Original Item: Only One Item Available. This is a nice late WWII "last ditch" issue Japanese Model 30 Arisaka rifle bayonet with straight cross guard, complete with a rare burlap and wood scabbard, which is missing its integral leather frog. This is the first time that we have had one of these rare late issue scabbards. The bayonet does not even have any arsenal markings, so rushed was production at the time this was made.
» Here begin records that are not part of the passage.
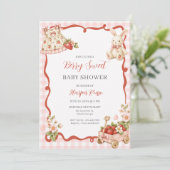Baby-Party mit rosa Gingham-Erdbeermädchen Einladung (Stehend Vorderseite)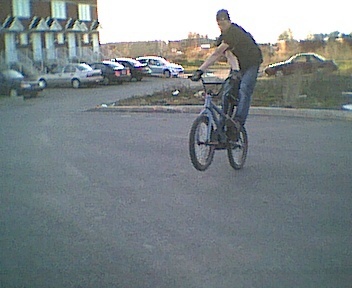 cool..look at his hands..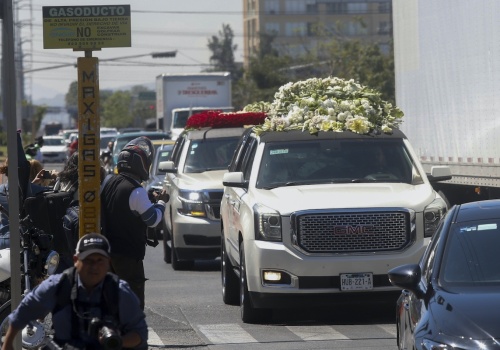 Pogrzeb El Mencho. Narkobaron pochowany w złotej trumnie. WIDEO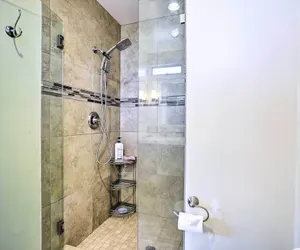 Photo 4 - Sunny Santa Ana Rental Home Near Disneyland!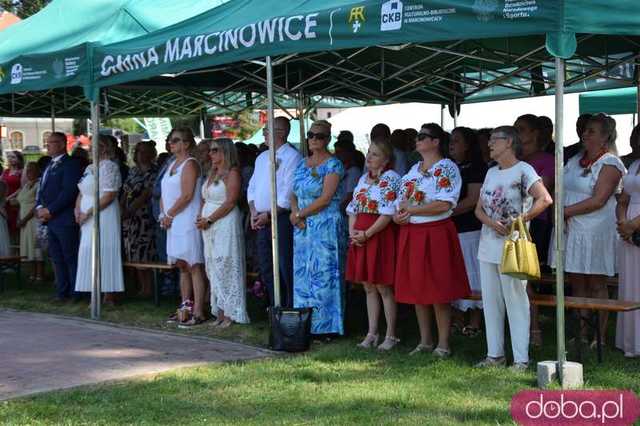 [FOTO] Już po żniwach, więc czas na świętowanie! Trwają huczne dożynki w gminie Marcinowice. Zobacz zdjęcia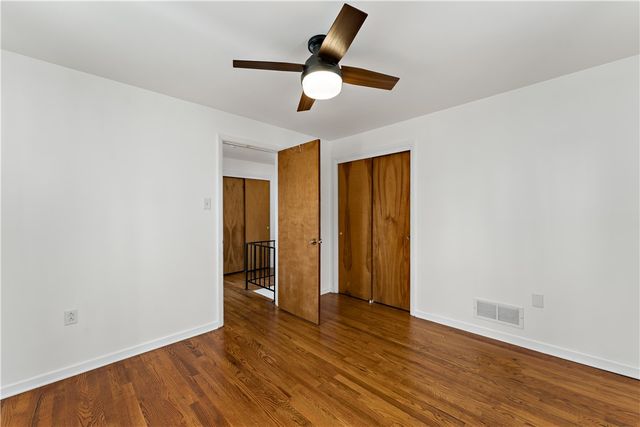 627 Berwick Ct, Mccandless, PA 15237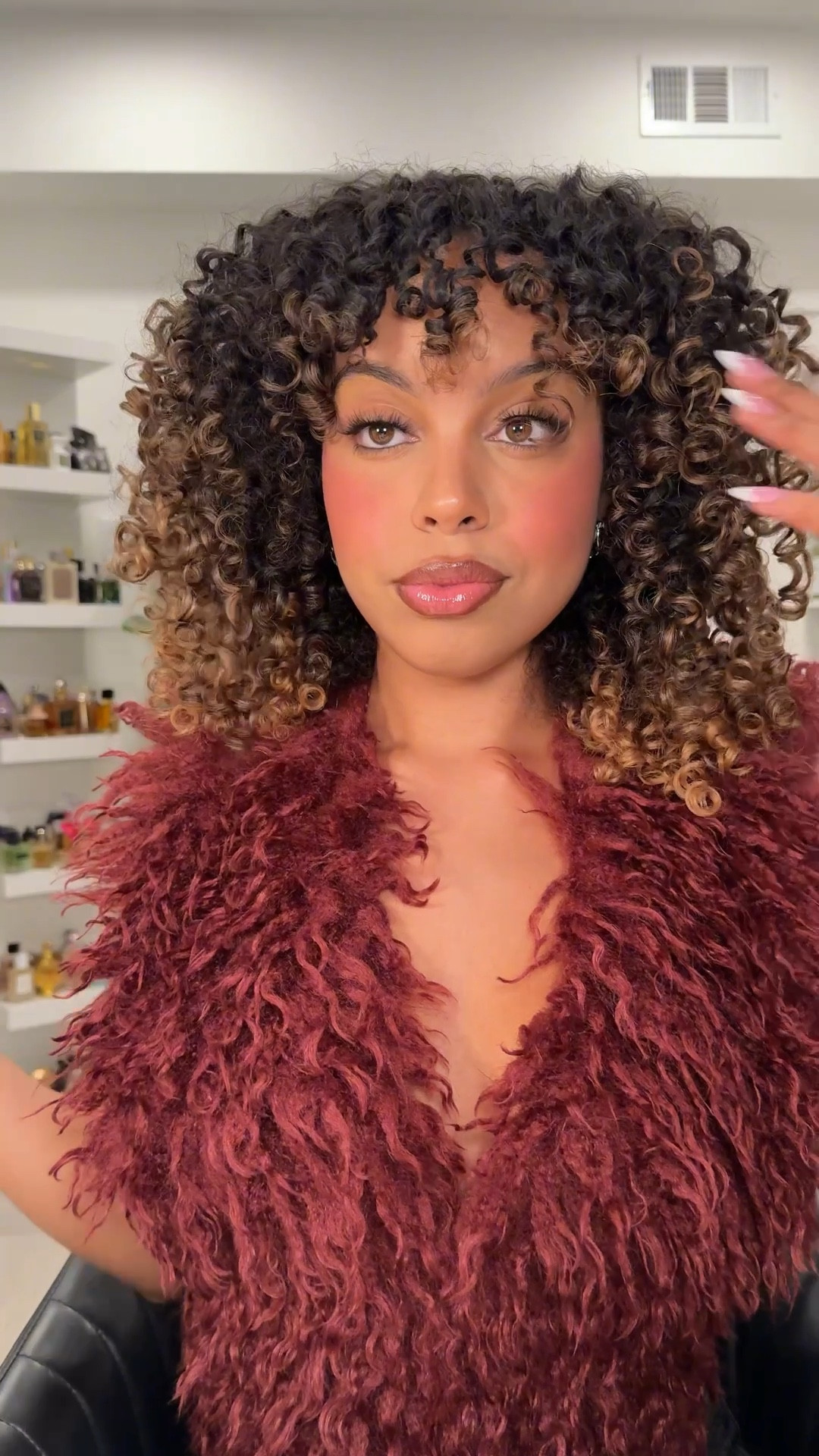 The definition GOES CRAZYYYY!!!! Love this curly hair brands 😭🤏🏽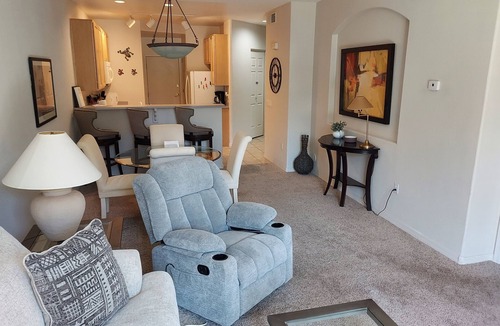 Superstition Springs Condo | Nearby golf course, restaurants, shopping, hospitals, and freeway access!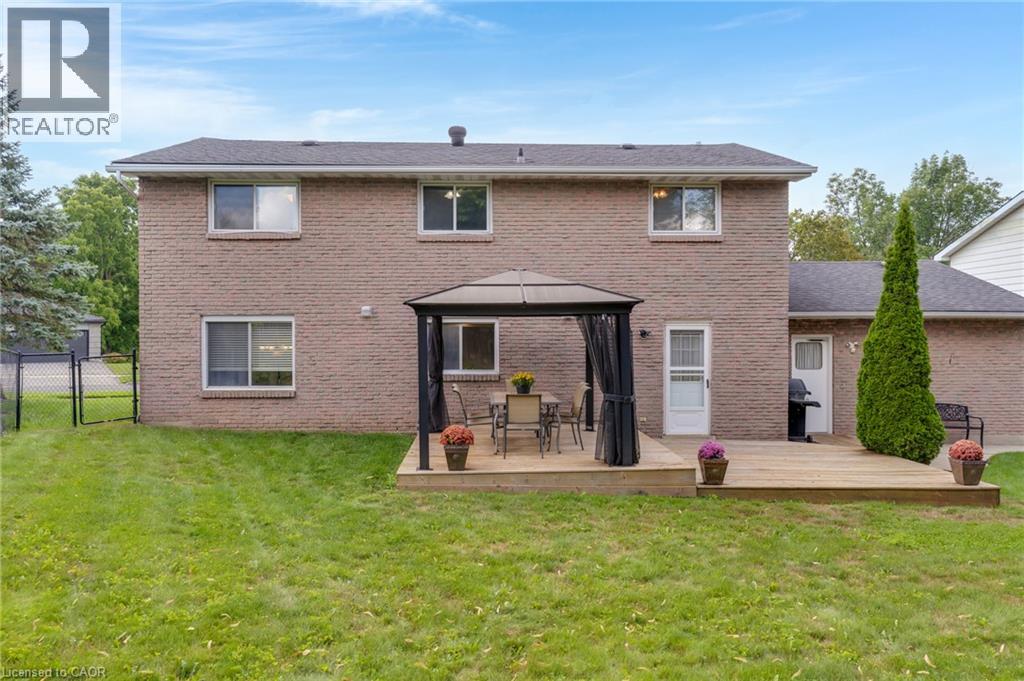 8 Blue Spruce Court, Kitchener, Ontario  N2N 1L1 - Photo 49 - 40858907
Condition of bayonet is very good, though the blade is relatively thick, and has a 45 degree grind to both sides of the edge. There are no nicks in the blade, and it appears to have not really been used. Last ditch bayonets in this condition are extremely rare, as most were discarded, and they were generally not well made and broke often. Burlap scabbards like this are almost never seen, due to the material breaking down over the decades. Scabbard is in great shape, though it does have some age staining and wear. There originally would have been a leather frog on the back, but this has deteriorated and broken off.

A great chance to pick up a rare "last ditch" Japanese bayonet, ready to display!

History of the Type 30 Bayonet-

The Type 30 bayonet (三十年式銃剣 sanjunen-shiki juken) was a bayonet designed for the Imperial Japanese Army to be used with the Arisaka Type 30 Rifle and was later used on the Type 38 and Type 99 rifles. Some 8.4 million were produced, and it remained in front-line use from the Russo-Japanese War to the end of World War II.

Type 30 Bayonet was a single-edged sword bayonet with a 400 millimeters (15.75 in) blade and an overall length of 514 millimeters (20.24 in) with a weight of approximately 700 grams. The Type 30 bayonet is also known as the "Pattern 1897 bayonet". Early Type 30 bayonets usually sported a hooked quillon guard that gave it a distinct look, but later models had a straight hand guard. This bayonet is of the Late War design, with a straight quillon, with a roughly contoured "birds-head" pommel. The rivet-retained wooden grip is rectangular, and does not wrap around the tang. The blade is flat without fullers and blued, and the crossguard is straight but still contoured on the side. This configuration matches the last type produced at several different arsenals.

The design was intended to give the average Japanese infantryman a long enough reach to piece the abdomen of a cavalryman. However, the design had a number of drawbacks, some caused by the poor quality of forgings used, which tended to rust quickly and not hold an edge, and to break when bent.

These bayonets were manufactured from 1897 to 1945 at a number of locations, including the Kokura Arsenal, Koishikawa Arsenal (Tokyo) and Nagoya Arsenal, as well as under contract by private manufacturers including Matsushita, Toyoda Automatic Loom and many others, including Jinsen Arsenal in Occupied Korea. Towards the end of the war, production was so rushed that markings could be left off.